AHP systematically decomposes complex site selection problems into multiple hierarchical levels by constructing a hierarchical structure. It determines the relative weights and rankings of various criteria and alternative solutions through pairwise comparisons of elements within each level. Compared to other MCDM methods, AHP has the advantages of intuitive principles and a clear computational process. However, the method also has certain limitations: its weight determination heavily relies on the subjective judgments of experts or decision-makers. Inappropriate expert team composition or cognitive biases can easily lead to results deviating from reality. Furthermore, when the number of included site selection criteria is excessive, AHP is prone to reduced model flexibility due to inconsistent judgment matrices, making it difficult to apply directly in engineering projects with high precision requirements or complex problem structures. Despite this, AHP still holds significant value in the preliminary screening stage of location selection, effectively narrowing down the candidate pool. Therefore, in current research, AHP is often used as a fundamental analytical tool in combination with other site selection methods to compensate for its shortcomings when applied independently [29].

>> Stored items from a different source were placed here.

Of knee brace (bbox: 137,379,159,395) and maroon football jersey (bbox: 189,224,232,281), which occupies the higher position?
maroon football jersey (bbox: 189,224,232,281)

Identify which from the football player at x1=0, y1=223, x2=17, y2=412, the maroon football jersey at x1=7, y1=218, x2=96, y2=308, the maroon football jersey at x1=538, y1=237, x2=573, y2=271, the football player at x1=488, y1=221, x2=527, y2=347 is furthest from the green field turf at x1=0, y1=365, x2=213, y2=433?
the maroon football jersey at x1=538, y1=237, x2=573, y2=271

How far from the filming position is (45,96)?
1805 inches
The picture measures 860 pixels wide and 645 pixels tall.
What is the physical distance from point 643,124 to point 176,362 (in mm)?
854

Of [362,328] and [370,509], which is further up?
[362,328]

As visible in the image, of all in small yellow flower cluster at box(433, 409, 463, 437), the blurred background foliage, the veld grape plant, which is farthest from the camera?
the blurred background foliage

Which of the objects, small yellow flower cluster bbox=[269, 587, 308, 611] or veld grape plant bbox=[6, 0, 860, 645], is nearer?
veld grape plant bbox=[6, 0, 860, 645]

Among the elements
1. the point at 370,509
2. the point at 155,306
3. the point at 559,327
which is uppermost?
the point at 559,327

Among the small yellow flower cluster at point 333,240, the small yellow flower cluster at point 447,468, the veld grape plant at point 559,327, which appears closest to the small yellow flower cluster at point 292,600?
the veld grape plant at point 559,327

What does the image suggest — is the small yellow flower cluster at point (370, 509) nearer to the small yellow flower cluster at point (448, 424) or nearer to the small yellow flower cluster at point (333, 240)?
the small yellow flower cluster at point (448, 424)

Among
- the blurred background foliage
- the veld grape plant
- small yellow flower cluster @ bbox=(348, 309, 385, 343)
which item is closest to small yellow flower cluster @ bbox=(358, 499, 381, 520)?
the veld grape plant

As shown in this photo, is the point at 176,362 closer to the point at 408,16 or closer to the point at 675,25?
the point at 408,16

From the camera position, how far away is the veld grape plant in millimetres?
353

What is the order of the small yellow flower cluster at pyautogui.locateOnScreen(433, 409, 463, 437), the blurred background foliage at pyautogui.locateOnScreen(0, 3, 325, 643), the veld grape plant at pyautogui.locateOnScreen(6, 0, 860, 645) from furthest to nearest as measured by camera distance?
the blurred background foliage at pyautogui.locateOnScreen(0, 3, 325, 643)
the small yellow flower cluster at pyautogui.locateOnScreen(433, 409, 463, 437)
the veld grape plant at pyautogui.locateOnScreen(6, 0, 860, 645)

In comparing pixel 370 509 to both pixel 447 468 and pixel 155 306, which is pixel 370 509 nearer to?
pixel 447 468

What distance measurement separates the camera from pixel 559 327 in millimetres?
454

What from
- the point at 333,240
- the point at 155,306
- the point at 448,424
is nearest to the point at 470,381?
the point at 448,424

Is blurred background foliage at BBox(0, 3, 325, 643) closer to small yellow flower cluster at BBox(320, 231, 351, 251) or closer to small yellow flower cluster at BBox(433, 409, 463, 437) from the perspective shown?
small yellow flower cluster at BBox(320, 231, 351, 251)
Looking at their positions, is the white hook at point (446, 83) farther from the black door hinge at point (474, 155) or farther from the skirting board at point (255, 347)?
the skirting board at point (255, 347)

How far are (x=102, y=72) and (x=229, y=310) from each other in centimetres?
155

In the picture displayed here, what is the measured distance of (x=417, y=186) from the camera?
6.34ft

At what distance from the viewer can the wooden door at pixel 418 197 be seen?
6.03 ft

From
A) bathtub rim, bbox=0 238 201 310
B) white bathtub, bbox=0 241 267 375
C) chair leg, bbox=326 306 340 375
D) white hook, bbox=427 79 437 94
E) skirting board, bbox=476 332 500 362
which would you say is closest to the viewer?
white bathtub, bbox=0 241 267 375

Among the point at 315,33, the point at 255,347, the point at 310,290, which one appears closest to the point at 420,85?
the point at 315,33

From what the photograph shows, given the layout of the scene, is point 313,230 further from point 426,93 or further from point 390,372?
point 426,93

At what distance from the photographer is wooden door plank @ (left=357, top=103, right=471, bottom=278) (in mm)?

TOPSIS ranks alternatives by calculating their relative distance to an idealized target. Its core concept involves defining a “positive ideal solution” and a “negative ideal solution”, where the former represents the set of optimal values across all criteria. The decision is made by approximating the positive ideal solution and distancing from the negative ideal solution. Also a deterministic algorithm, TOPSIS not only offers higher computational efficiency and greater scalability compared to the numerous comparisons required by AHP, but also imposes no limit on the number of alternatives that can be included. However, due to its inability to handle high degrees of fuzziness or qualitative criteria reliant on linguistic descriptions, practical site selection applications often utilize improved TOPSIS methods or a combination with fuzzy methods [30].
ELECTRE is a category of MCDM methods based on outranking relationships. Its core idea is to construct a graph of superiority relationships between alternatives through systematic pairwise comparisons. By introducing “concordance” and “discordance” tests, the method effectively simulates the “veto logic” present in human decision-making. In industrial site selection applications, the ELECTRE method is widely used in energy planning. For such problems, where disadvantages in certain critical indicators (e.g., seismic risk, distance from ecological protection zones) cannot be compensated for by advantages in other criteria, ELECTRE handles these “non-compensatory criteria” effectively by setting discordance thresholds. This provides a more comprehensive and reliable analytical perspective for complex decisions [31,32].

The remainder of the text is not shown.